写生自在21 朝鮮時代
畳む手に重なる紅や秋の㡡 迦 南
沈みゐる岩紫や熱帯魚 〃
内陣に護摩の火紅し山桜 〃
春葱を掘りゐる少婦(カシナ)赤ズボン 〃
1句目、蚊屋という生活用具が姿を消したのは1960年代以降の事でしょうか。ずいぶんと久しくなったものです。往時はどこの家にも部屋の四隅に吊り手がぶら下がっており、夏になるとそれへ蚊屋を吊ったものです。

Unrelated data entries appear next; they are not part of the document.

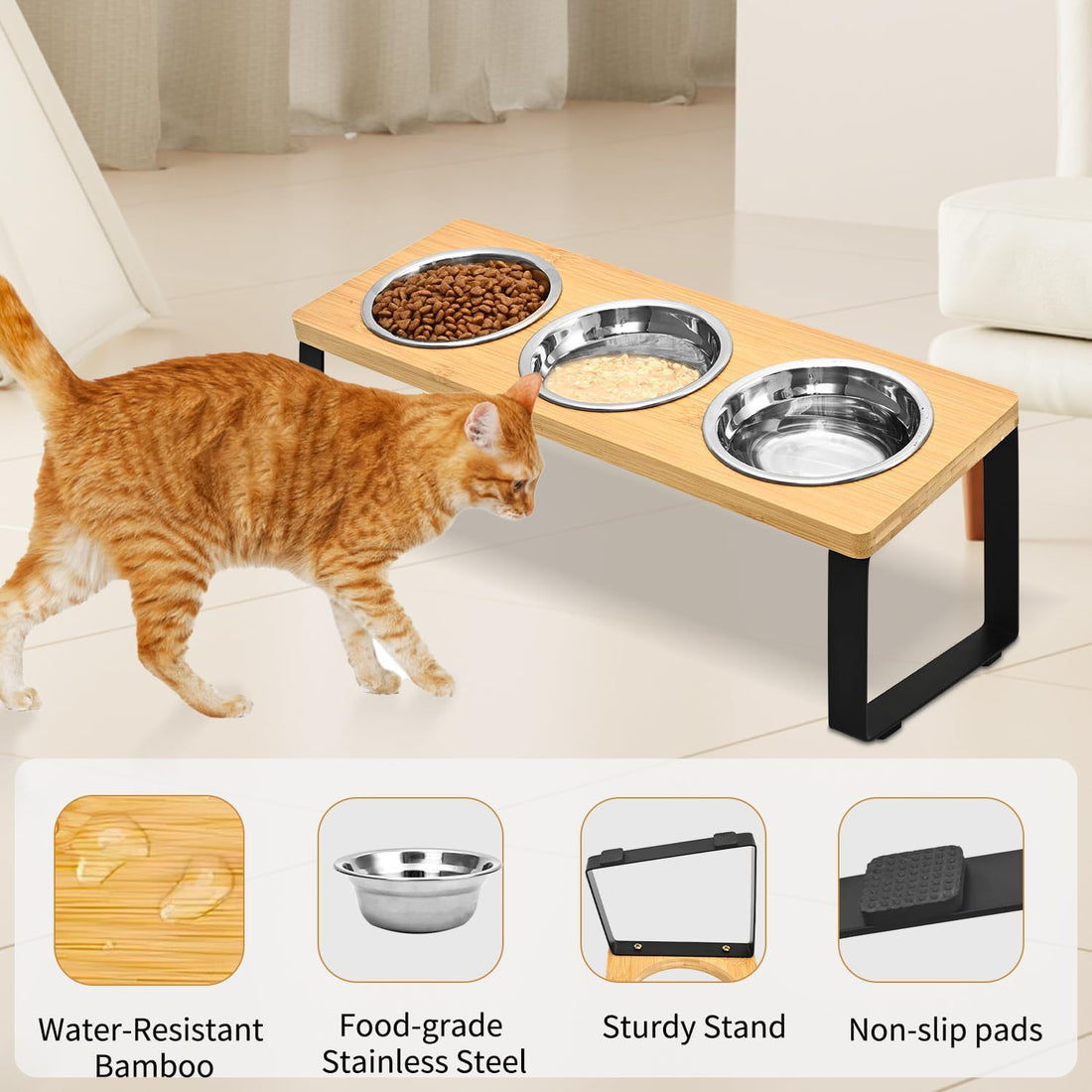 Iron & Wood Pet Feeding Rack with Cat Bowl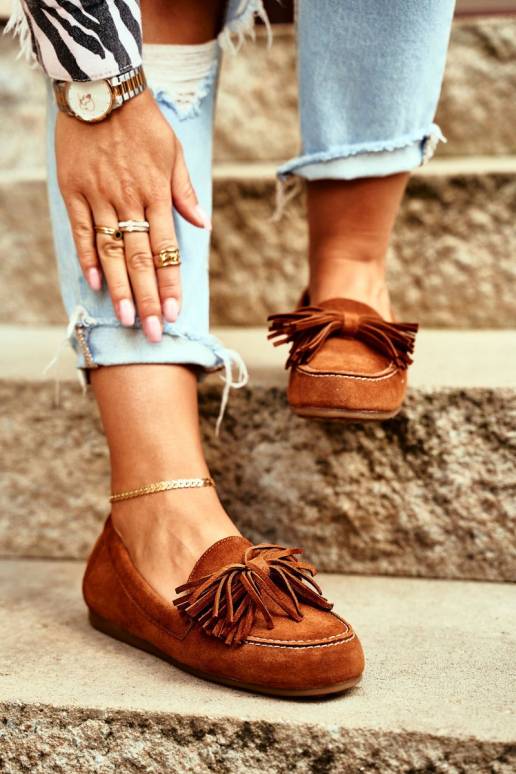 Mokasinai  Natūralios odos rudos... Mokasinai  Natūralios odos rudos...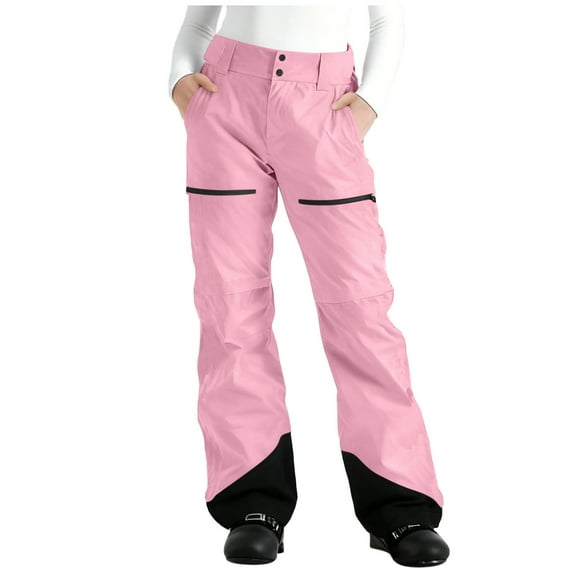 Hxshgdsn Women Snow Skiing Pants Waterproof Warm Fleece Lined Pants Snowboard Hiking Windbreak Trousers With Pockets Pink 2Xl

6畳用、8畳用、10畳用と蚊屋にもサイズがあり、へりには赤い布で仕切りがあって、畳むときはそのへり布を重ね合わせました。この句はそこを詠んでいるのですが、もうすぐ御用済みとなる蚊屋に愛惜を感じているのです。
2句目、水槽に泳いでいる色鮮やかな熱帯魚。底に沈めてある岩の色がくすんだような紫。その岩がこの句のポイントです。沈みゐる岩という叙法は無機物の岩に意志があるかのような詠み方になっています。これを擬人法と呼んでいますが、それが成功しています。
3句目、作者が山寺を訪ねたとき住持は祈祷の最中で、内陣が薄暗いために燃え立っている護摩の火が作者の眼に強烈に印象付けられました。この山寺はあまり知られていない寺とするよりは、天台とか真言とかの古刹としたほうが僧侶の袈裟の色なども見えてより味わい深くなります。
4句目、カシナとルビを振ってありますが、これは朝鮮語なのでしょう。葱を掘るというのですからこの畑は雪に埋まっているのです。その雪の上に赤いズボンの少女を配して印象明瞭な句になりました。
以上 4句に特徴的なのは迦南の色彩感覚です。朝鮮時代の句で色彩を意識して詠んだ句はこの4句よりなく、色彩豊かな句を詠むのはあまり得意ではなかったようです。